===== Material provided =====

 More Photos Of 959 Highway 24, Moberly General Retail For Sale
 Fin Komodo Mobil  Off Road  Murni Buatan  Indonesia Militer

=====
===== Material provided =====

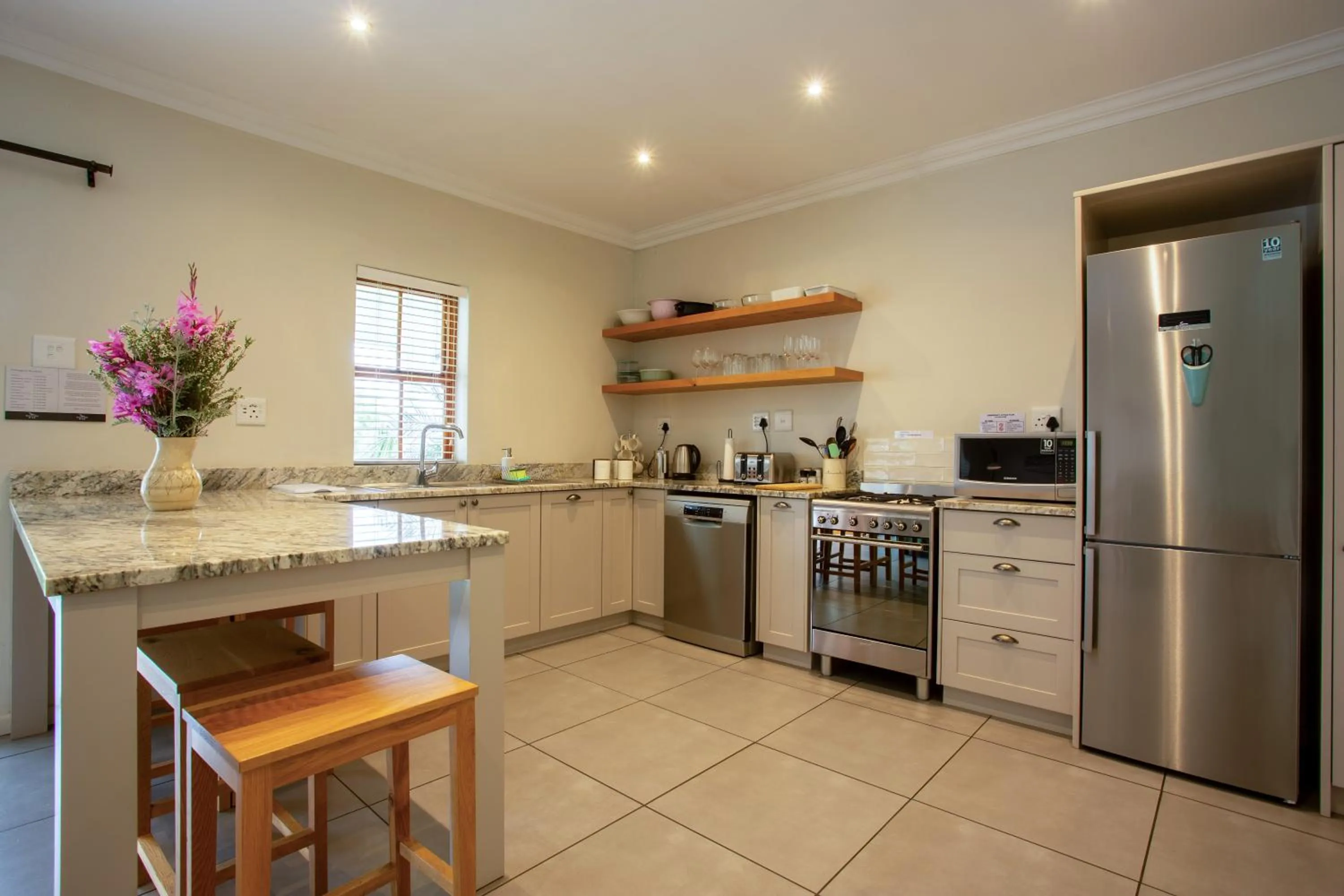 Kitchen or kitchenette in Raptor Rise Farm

=====
===== Material provided =====

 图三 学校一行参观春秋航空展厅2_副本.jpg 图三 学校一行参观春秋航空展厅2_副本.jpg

=====

__What is expected__. Looking at the data above, return every line from the one with "More Photos Of" down to the one with "Fin Komodo Mobil", exactly and inclusively.

__Output__.
 More Photos Of 959 Highway 24, Moberly General Retail For Sale
 Fin Komodo Mobil  Off Road  Murni Buatan  Indonesia Militer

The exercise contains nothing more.